╭──
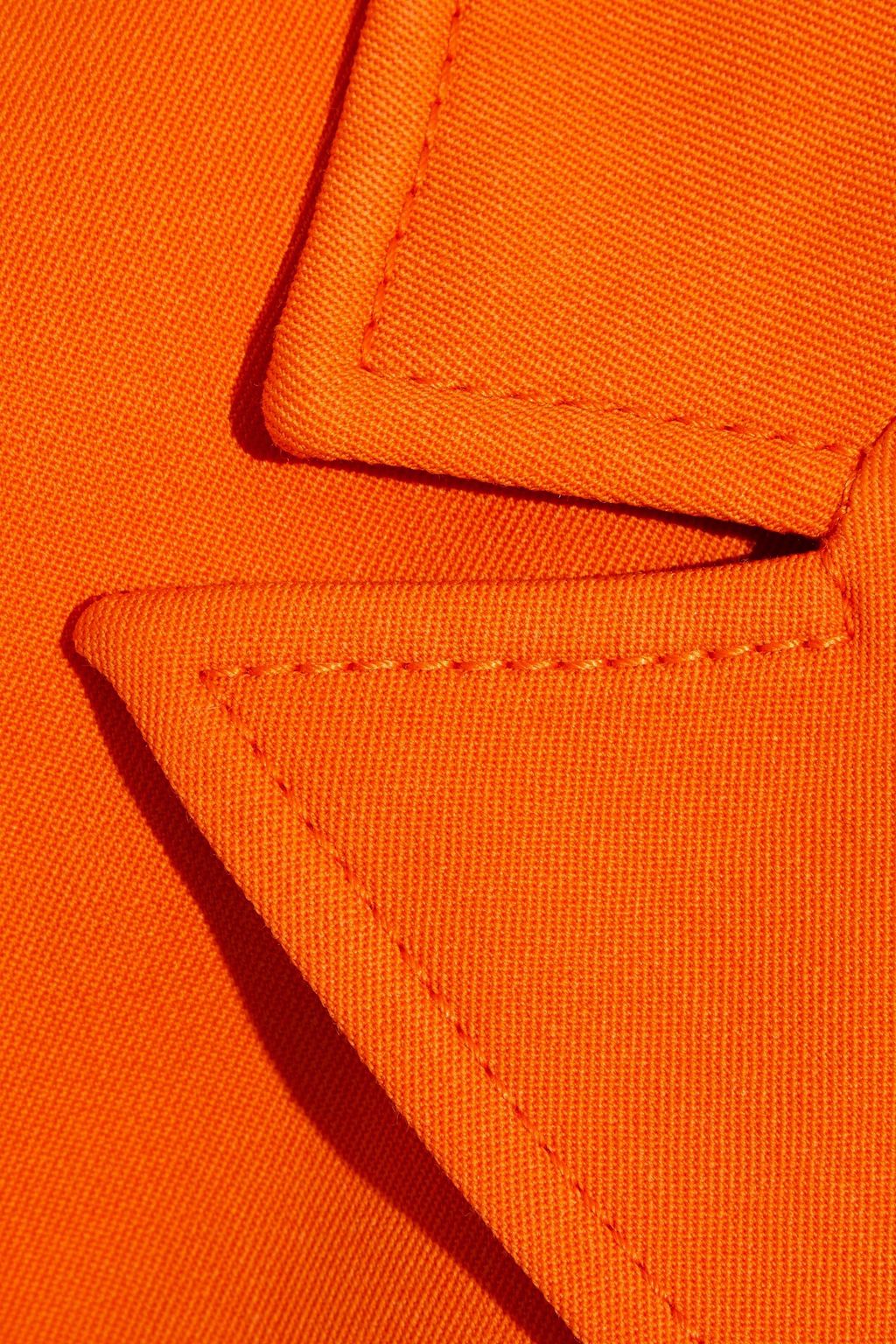 OSCAR DE LA RENTA Wool-blend twill blazer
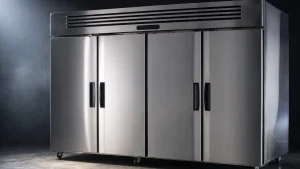 یخچال صنعتی جاجرم با طراحی ایستاده و بدنه استیل
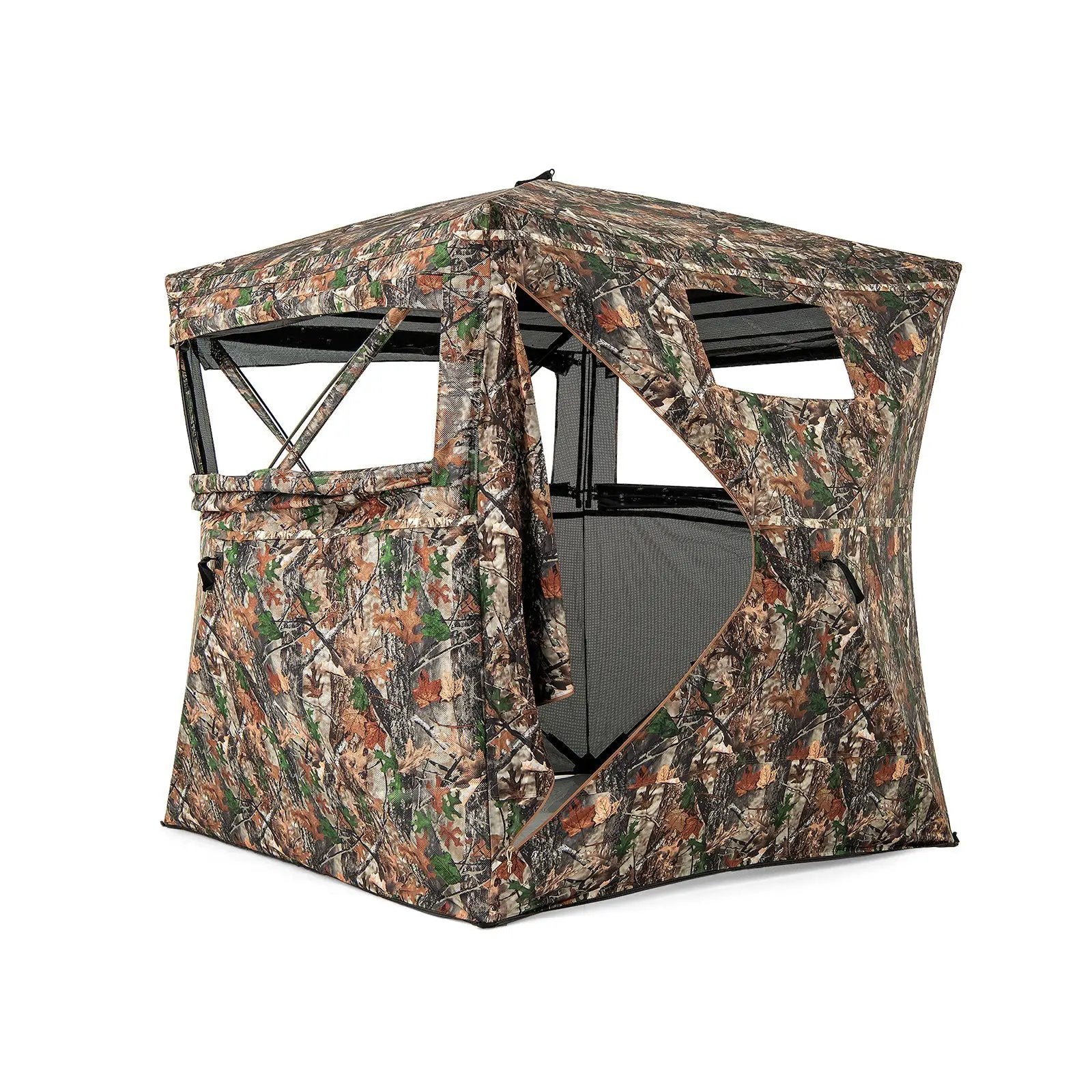 82 Inch Tall Hunting Blind 270° One Way See Through Ground Tent for 3-4 People by DirectDeals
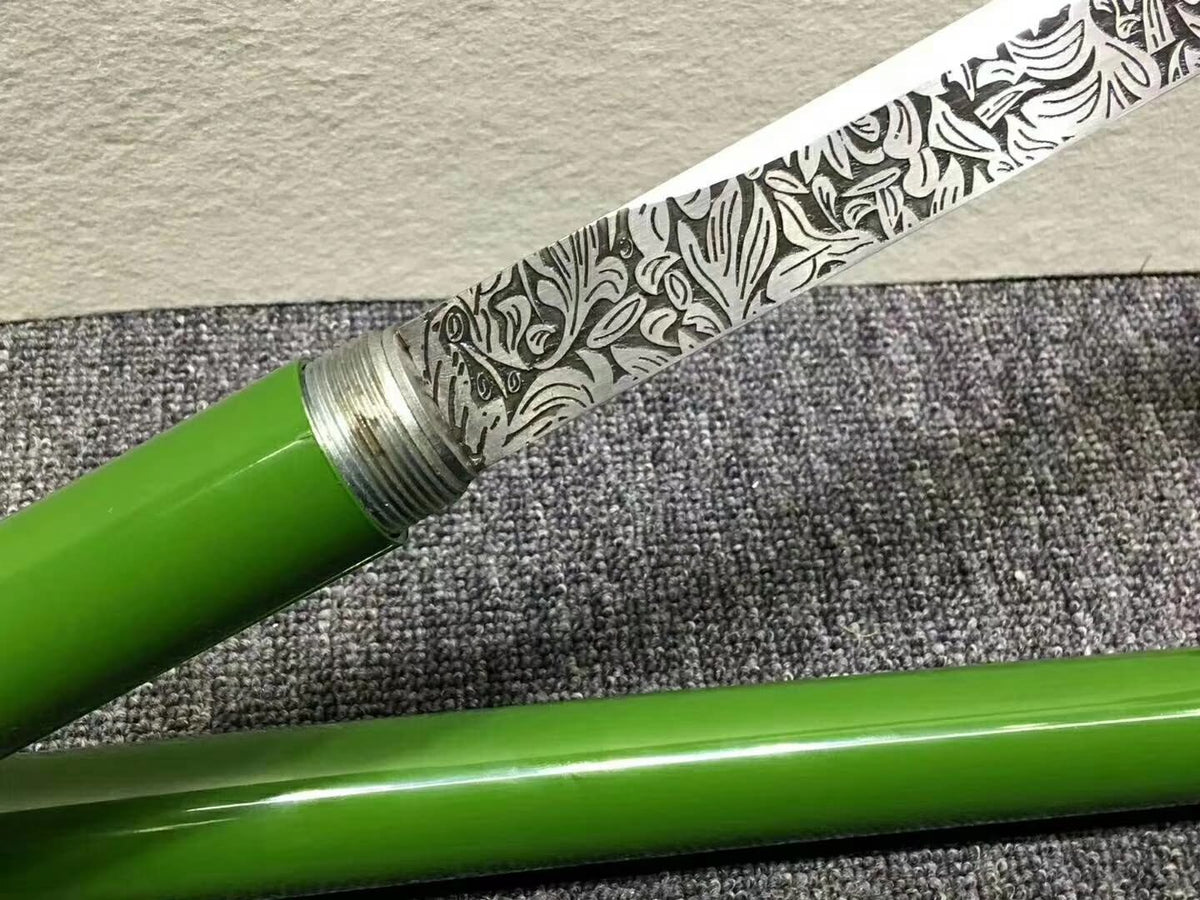 Stick sword,Handmade(High carbon steel etch blade)Full tang - Chinese sword shop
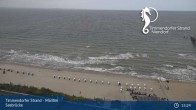 Archived image Webcam Timmendorf Beach MARITIM Pier 14:00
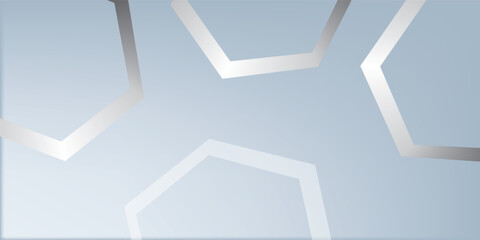 Fototapeta premium White abstract background with dynamic wavy hexagon texture. suitable for wallpaper simple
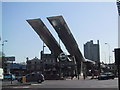 Road junction by Vauxhall Bus Interchange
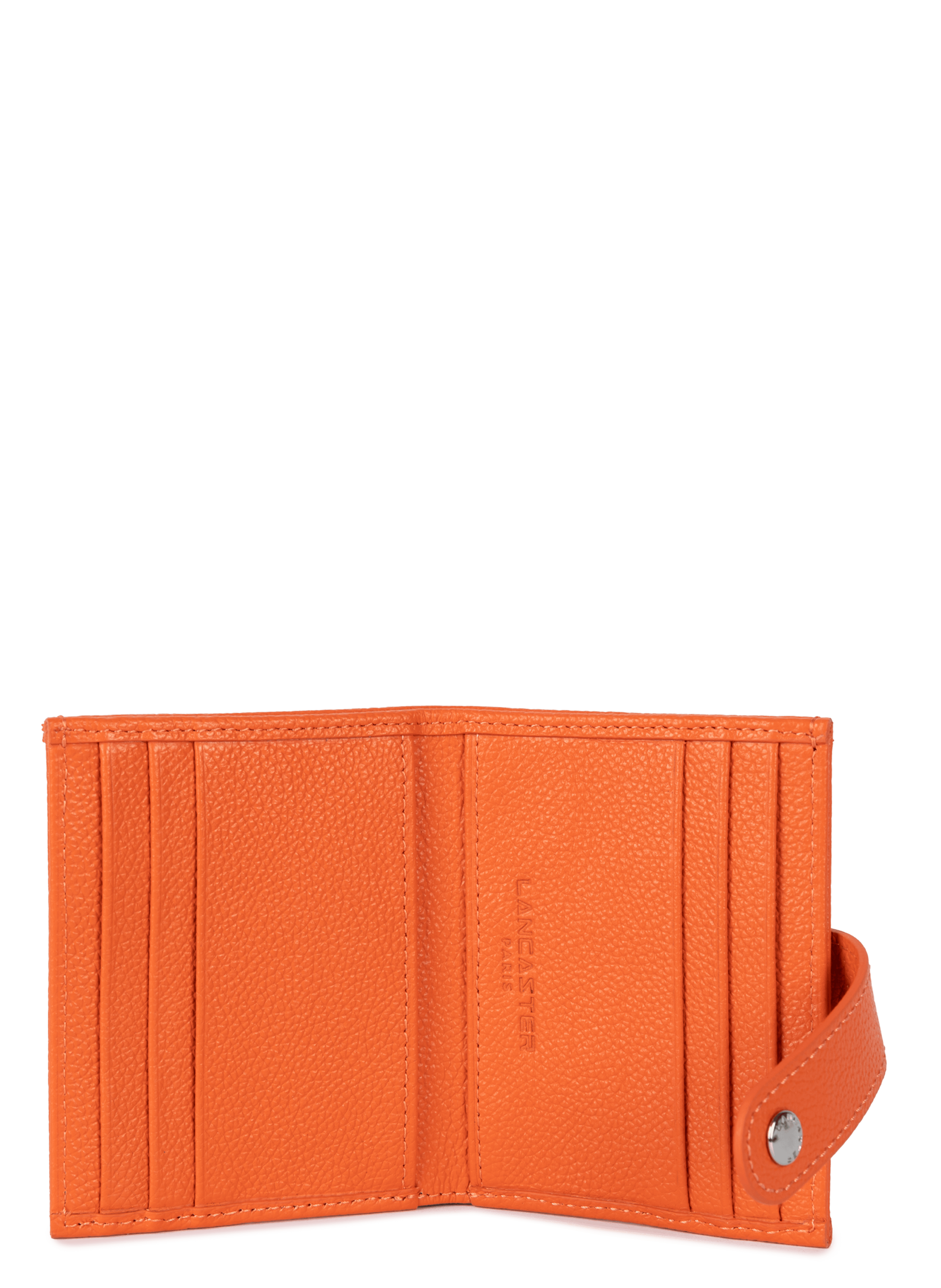 Porte-cartes - foulonné pm LANCASTER Orange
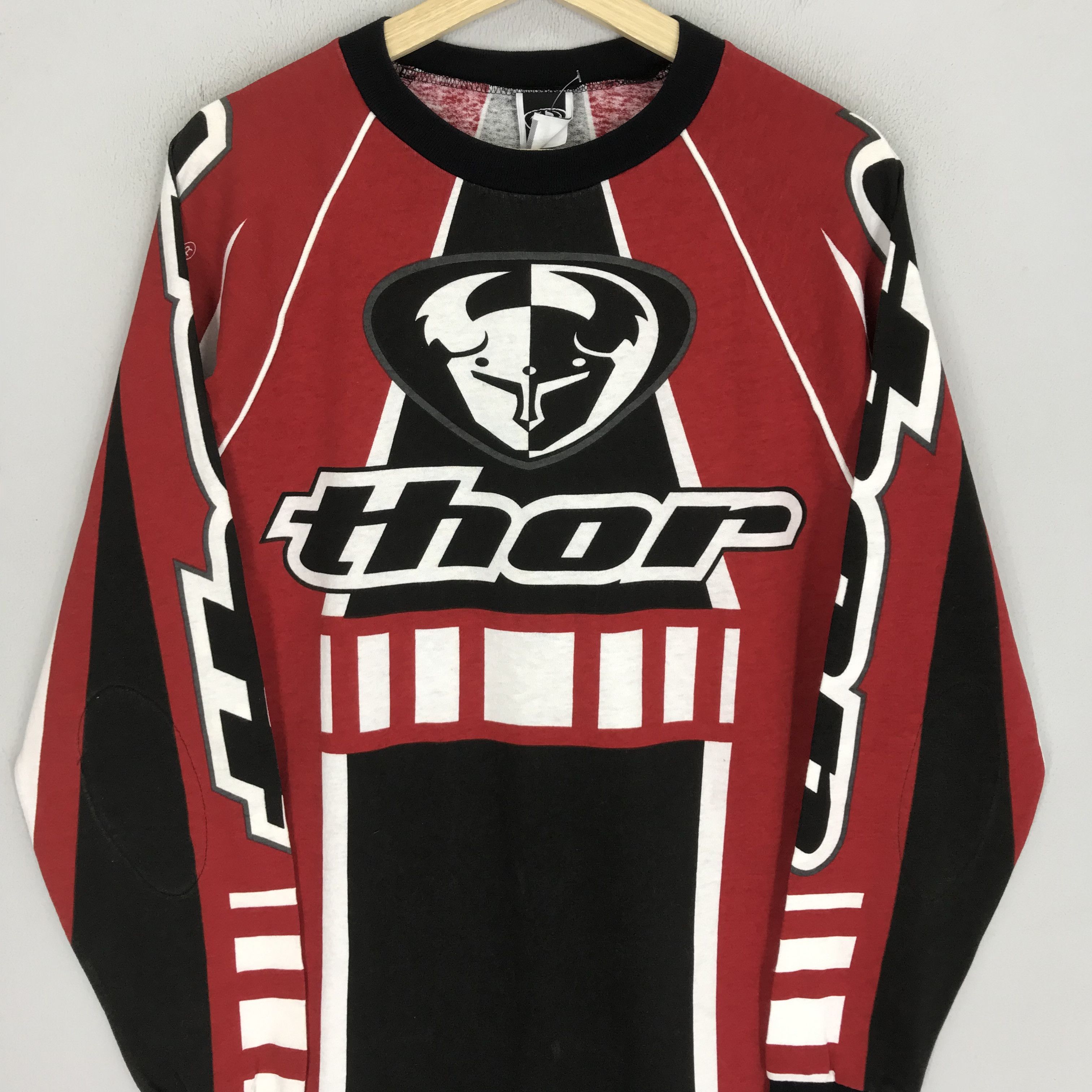 Fox Racing Vintage 90's Thor Motocross Racing Team Dirt Bike Tshirt Size US M / EU 48-50 / 2 - 3 Thumbnail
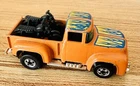 Hot Wheels Blackwall 1977 Hi Tail Hauler w/ Roof Decal & Motorcycles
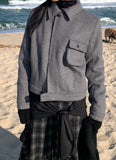 POCKET WOOL JACKET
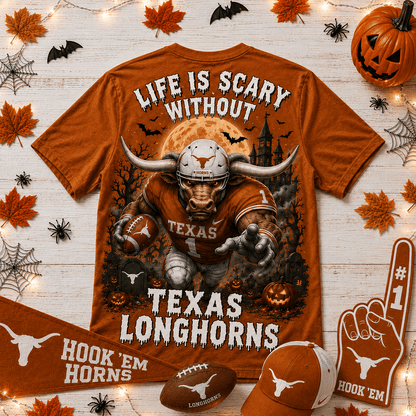 Texas Longhorns | Premium NCAA Halloween 3D Shirt NY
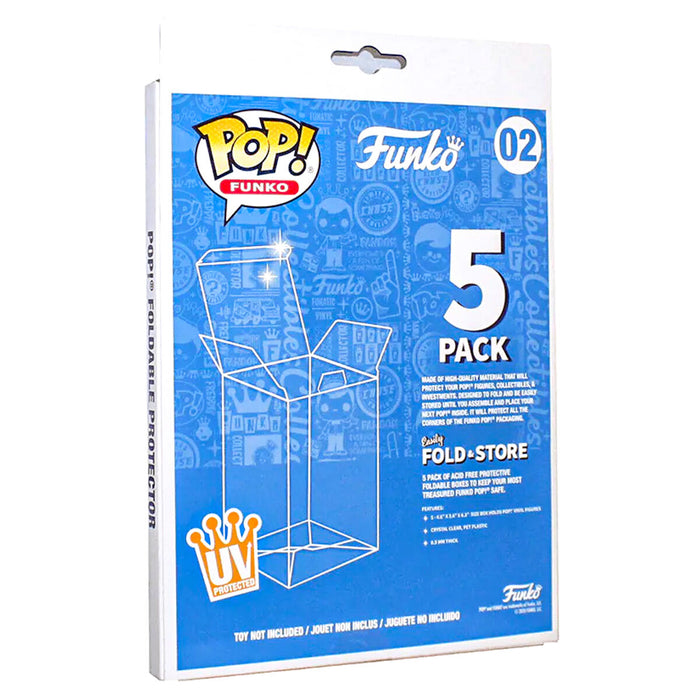 Funko Pop! Foldable Protector 5 Pack #02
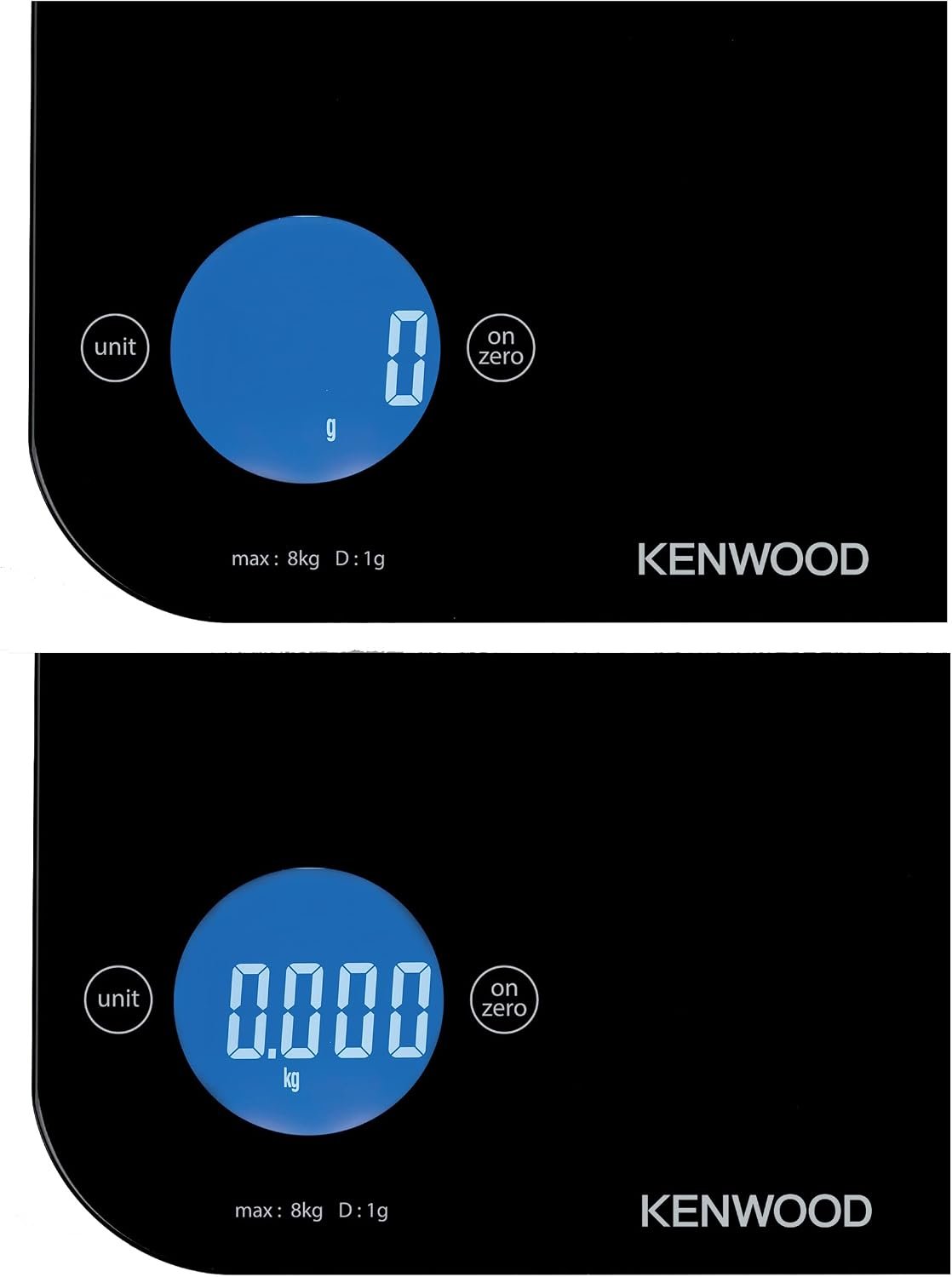 Balance de Cuisine Numérique Kenwood 8 kg – Plateau Verre Trempé, Commande Tactile, Fonction Tare et 6 Unités de Mesure, Noir WEP50 Balance de Cuisine Numérique Kenwood 8 kg – Plateau Verre Trempé, Commande Tactile, Fonction Tare et 6 Unités de Mesure, Noir WEP50 – Image 5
╰──
▸ Brief
The answer is the full listing above, reproduced character for character, minus its images.

▸ Solution to this exercise
 OSCAR DE LA RENTA Wool-blend twill blazer
 یخچال صنعتی جاجرم با طراحی ایستاده و بدنه استیل
 82 Inch Tall Hunting Blind 270° One Way See Through Ground Tent for 3-4 People by DirectDeals
 Stick sword,Handmade(High carbon steel etch blade)Full tang - Chinese sword shop
 Archived image Webcam Timmendorf Beach MARITIM Pier 14:00
 Fototapeta premium White abstract background with dynamic wavy hexagon texture. suitable for wallpaper simple
 Road junction by Vauxhall Bus Interchange
 Porte-cartes - foulonné pm LANCASTER Orange
 Fox Racing Vintage 90's Thor Motocross Racing Team Dirt Bike Tshirt Size US M / EU 48-50 / 2 - 3 Thumbnail
 Hot Wheels Blackwall 1977 Hi Tail Hauler w/ Roof Decal & Motorcycles
 POCKET WOOL JACKET
 Texas Longhorns | Premium NCAA Halloween 3D Shirt NY
 Funko Pop! Foldable Protector 5 Pack #02
 Balance de Cuisine Numérique Kenwood 8 kg – Plateau Verre Trempé, Commande Tactile, Fonction Tare et 6 Unités de Mesure, Noir WEP50 Balance de Cuisine Numérique Kenwood 8 kg – Plateau Verre Trempé, Commande Tactile, Fonction Tare et 6 Unités de Mesure, Noir WEP50 – Image 5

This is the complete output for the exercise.